Recall essayist and poet Henry David Thoreau and the truth he spoke: “Under a government which imprisons any unjustly the true place for any just man is also a prison.”
The rant of a man against slavery, war and taxes, these words belong to the memory and moral heart of America. They’re words of liberty, justice, conscience and warning. They’re our words, our ethics when we’re at our best.
We should recall them because today fear is the game, the regnant narrative. The terrorist, the criminal, the “removable alien,” immigrants legal or otherwise or simply those different, be they black or Muslim or anything else — all of them feared, frightening us via our selected media, our ubiquitous screens.
Facts be damned, partisans supply their own. Now it’s simply about power, the sinister subrational nudge. Now it’s simply about the spectacle and utility of fear, that ancient game of demagogues and the politicians too weak to do anything but follow in line. And it’s fear that’s mostly fiction, made for political use. It’s what’s really fake news.
Yet it has caused actual fear among actual people, immigrants legal and illegal. Entire communities now live in very real fear. I’ve seen it firsthand. I’ve seen the fear in children’s eyes, fear for their mother or their father, afraid that suddenly they’ll be gone. I know parents who’ve asked friends to look after their children should they be detained. I’ve heard the rumors and the misinformation, sensed the sort of anxiety that comes when a president talks about a “military operation.”
So what are we pastors to do? As I said, we should recall Thoreau, but also people like the Rev. Martin Luther King Jr. and the other lights of our particular traditions. We should be wary, as King wrote from a Birmingham jail, of “the anesthetizing security of stained-glass windows,” wary of preaching only “pious irrelevancies and sanctimonious trivialities.”
To our broad tradition belongs the rabbinical teaching of darkhei shalom, “the ways of peace.” So, too, belongs love for widow and orphan and even the imprisoned, all of whom we are charged to love especially and in whom some of us must even find our God.

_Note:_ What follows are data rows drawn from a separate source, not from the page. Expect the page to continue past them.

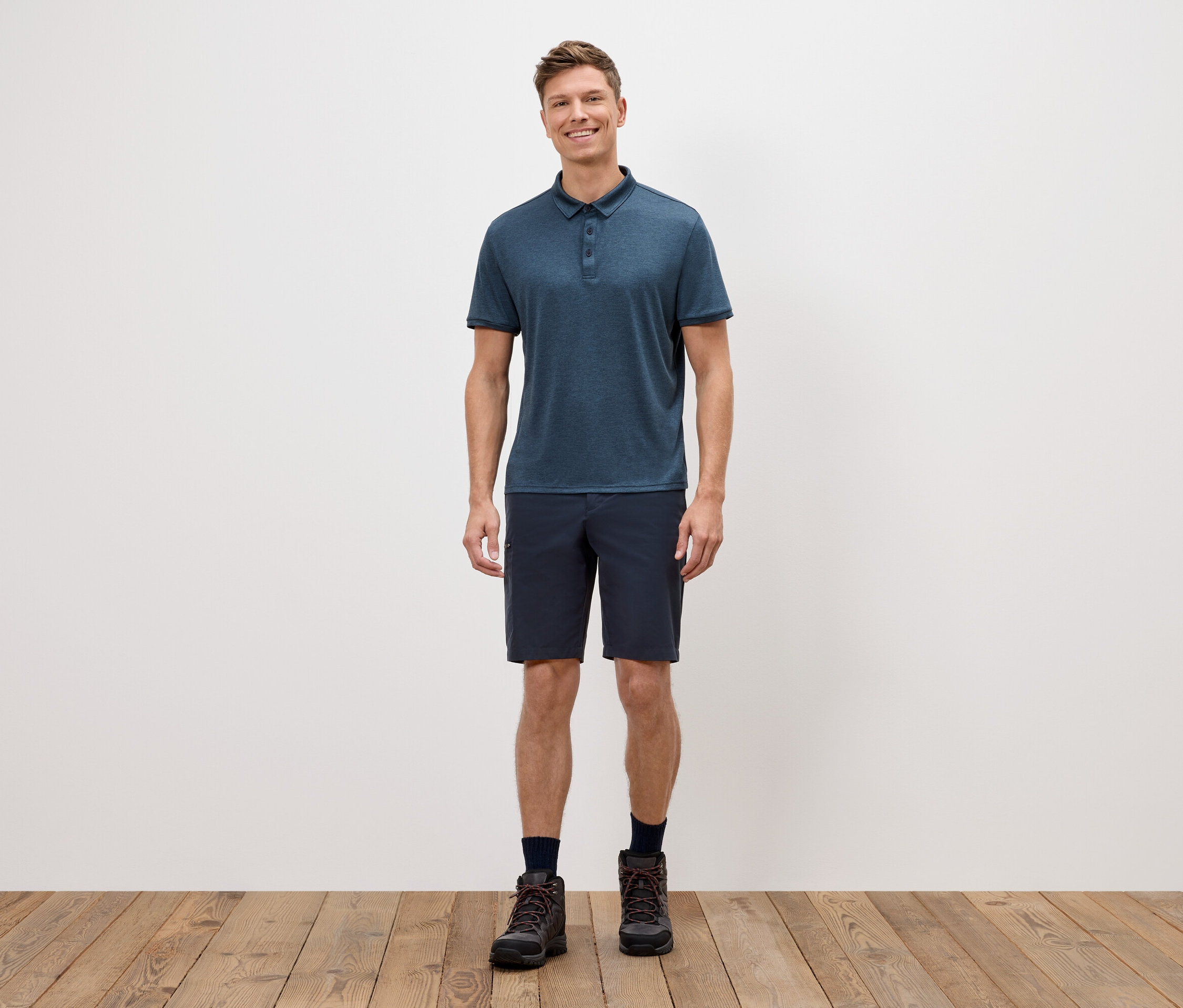 Egy férfi áll egy fehér fal előtt, kék pólót, rövidnadrágot és túrabakancsot visel.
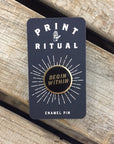 Black circle enamel pin with "begin within" in gold with gold border on print ritual card backing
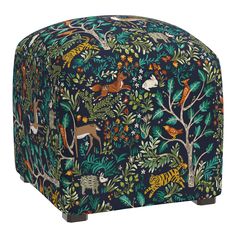 an animal themed footstool with trees, animals and leaves on blue background for children's bedroom or playroom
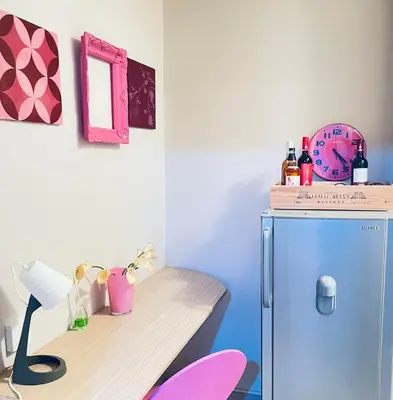 a room with a desk and a small refrigerator at Apartman 23 in Kanarevo Brdo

So, too, belong the catacombs of early Christianity, the Underground Railroad and Anne Frank’s secret annex. These and more are the deeds and not just the words of the ethics of the stranger, the teachings of Torah and of Jesus, the Quran and our better humanity. Rooted in the harmonies of law, it’s a tradition that very well may save our republic, as well as our souls — certainly not the power born of fear.
It’s the tradition re-emerging in Colorado among Unitarians offering sanctuary for Jeanette Vizguerra, a mother who is here illegally. It’s also what Pastor Ada Valiente is doing in Los Angeles. And it’s the tradition behind the promise made by the bishops of the Catholic Church, the promise “to accompany and protect our immigrant brothers and sisters . . .”

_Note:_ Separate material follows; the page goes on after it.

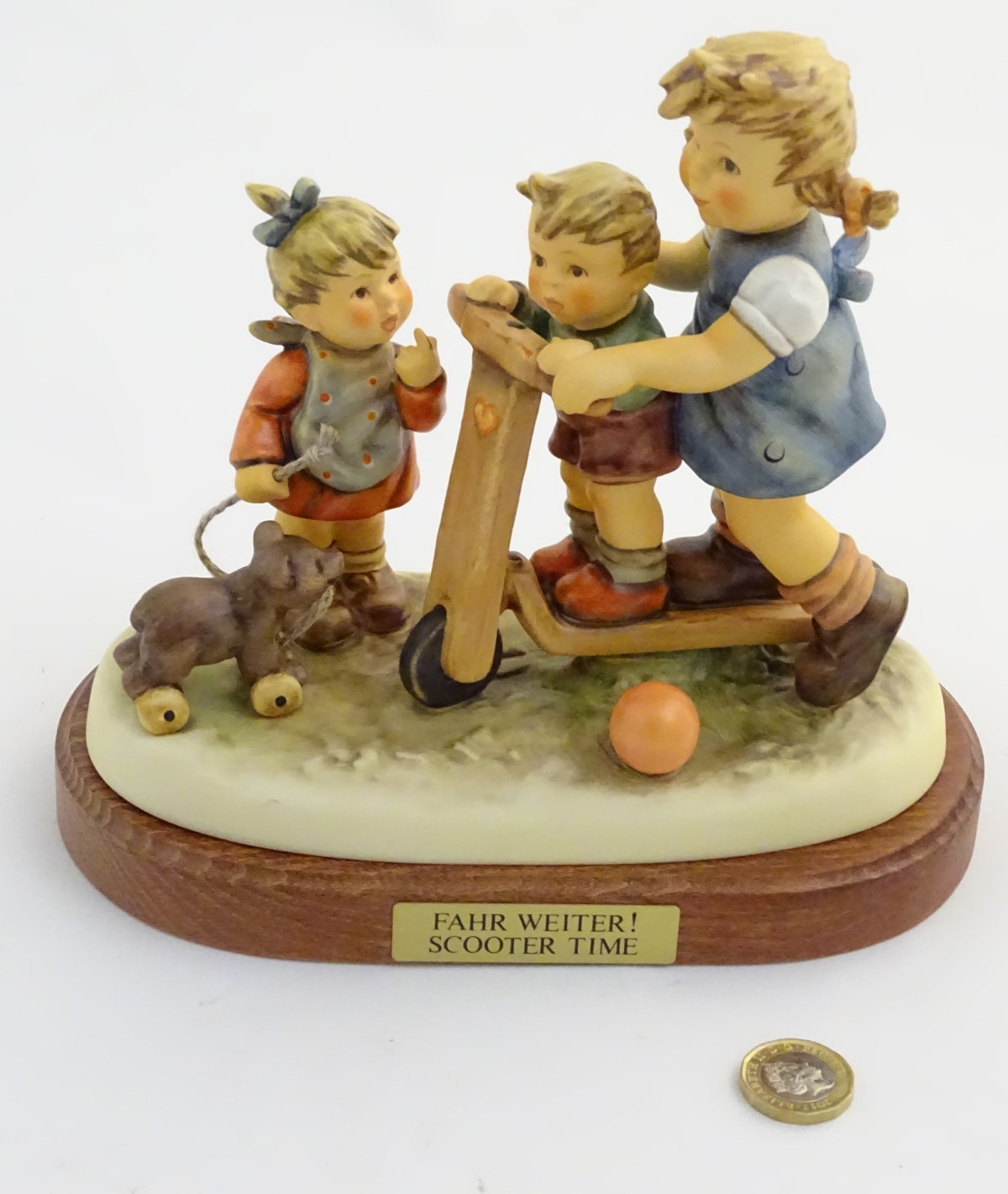 A large Hummel Goebel figural group, Scooter Time! (model no. 2070), on a titled wooden base. - Image 3 of 5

It’s a tradition alive, willing and ready for sacrifice. It’s the only tradition authentically inhabitable: love and action for the unprivileged and the poor, immigrants and families. It’s the only thing that’s faithful, the only thing human.
So what are pastors to do? Clearly, it’s this. We’ve stood here before, and we’ll stand here again. This isn’t a fight we’re afraid of.
And pastors know this. It’s just whether this knowledge moves them, whether the Spirit moves them — the Spirit that often speaks in the voice of the stranger.
The Rev. Joshua J. Whitfield is the pastoral administrator at St. Rita Catholic Church in Dallas.